The J-League is the number one league in Asia but has never been won by the team from Sendai. It has never traditionally been a contender. Most of the team’s history has been spent in the lower leagues with six of the seven seasons before 2011 spent in the J2, the country’s second tier.

Most thought that the mini fairytale came in 2011. Sendai was the closest big city to the epicenter of the devastating earthquake and tsunami of March 2011. Most of the surrounding region was severely affected.

The team’s stadium was damaged and work had to be done around the clock to get it ready for the first home game at the end of April, following the resumption of the J-league which had been suspended for six weeks. Even then, fans were told not to bounce too much when the action resumed.

In the past, there had not been much call for bouncing of any kind. Vegalta Sendai had, for years, not been much more than an afterthought in Japanese football.
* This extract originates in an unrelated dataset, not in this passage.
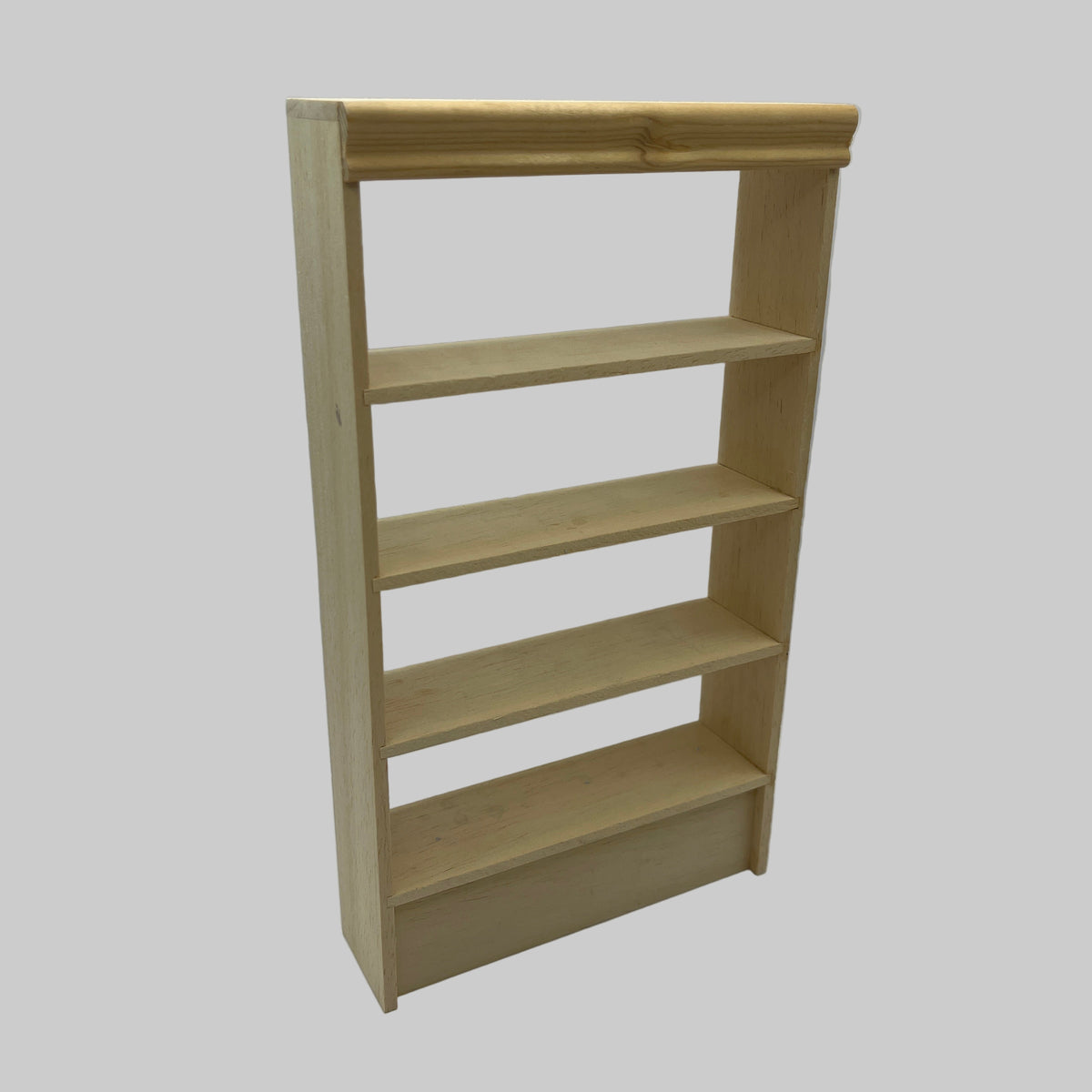 Bare wood tall shop or pantry shelves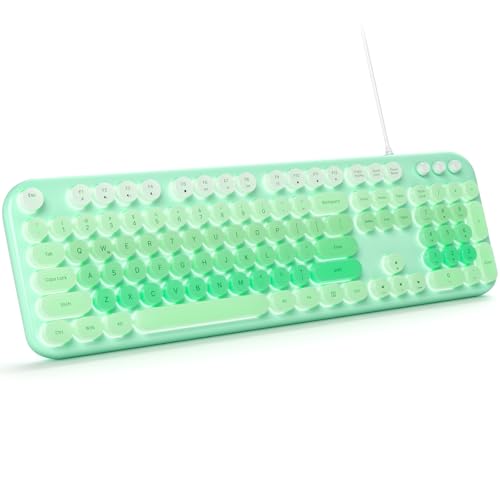 MOWUX Computer Keyboard Wired, Plug and Play USB Retro Round Typewriter Keyboard, Full Size Wired Keyboard with Foldable Stands for Laptop and Office PC- LED Backlit Green - color: LED Backlit Green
Yet, in 2011, after the resumption of the league, Sendai seemed on the rise.

For awhile, the team occupied the hitherto heady heights of the top spot. It didn’t last, nobody thought it would, but still, the team surprised the whole of football by finishing fourth.
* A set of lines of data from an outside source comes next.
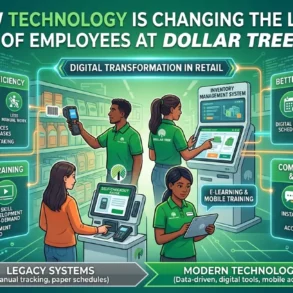 How Technology is Changing the Lives of Employees at Dollar Tree," featuring diverse staff using digital tools to enhance efficiency, workflow, and training. Keywords like "Improved Efficiency," "Better Workflow," and "Enhanced Training" highlight benefits like faster processing and online learning. The tone is optimistic, showcasing a modern, tech-driven retail environment.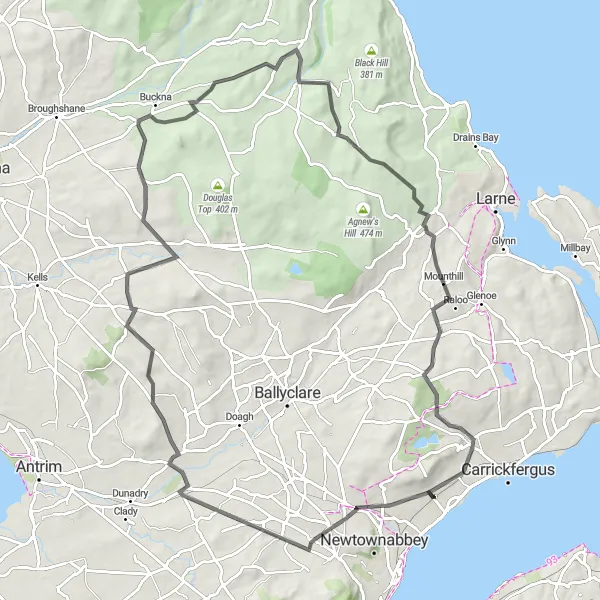 Map miniature of "Greenisland to Aughafatten Loop" cycling inspiration in Northern Ireland, United Kingdom. Generated by Tarmacs.app cycling route planner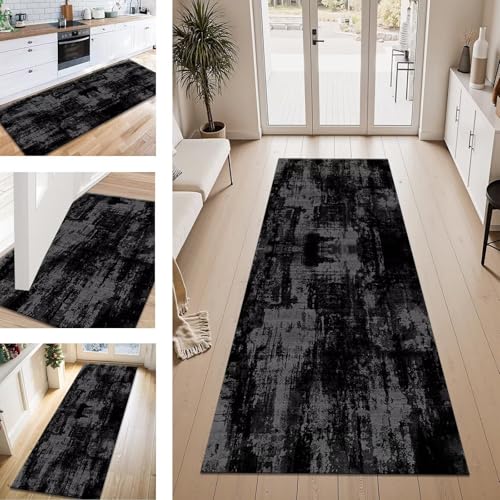 ZESEWU Teppich Läufer Flur Küche rutschfest Schwarz Dunkelgrau Teppichläufer Kücheläufer Waschbar 100X350CM Meterware Küchenteppich Flurteppich für Wohnraum Schlafzimmer Kinderzimmer Schmutzfangläufer von ZESEWU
Most assumed that the run of good results was due, at least to the wave of emotion that carried the team forward.

By the time the new season started back in March, that had all been forgotten, but Sendai had improved and found a new level of consistency.

For large parts of the season, fans became increasingly excited as their team topped the table and was battling it out with Sanfrecce Hiroshima.

Going into the penultimate game, Sendai had to defeat Albirex Niigata to keep their hopes alive.

"The only game we lost at home this season was against Shimizu when it hailed,''said coach Makoto Teguramori. "We rarely lose at home so we feel confident we can keep the title chase alive. We'll build on the strength of our supporters to fight to the end.''

"We were determined to be the symbol of hope for the entire region,'' Teguramori said. "Many people saw us as a reason to live, so we have tried to prove them right. By winning we can encourage them.''

Unfortunately for Sendai and its fans, the team just couldn’t take that final step and lost at home to Niigata while at the opposite end of the country, Hiroshima defeated Cerezo Osaka 4-1 to take the trophy.

“When I realised the title was ours, my mind went blank,” said Sanfrecce midfielder Koji Morisaki. “But I’m just really delighted. We’ve been through some tough patches, but today we got our reward. I’m so happy that I was born and raised in Hiroshima and could play football for Sanfrecce.”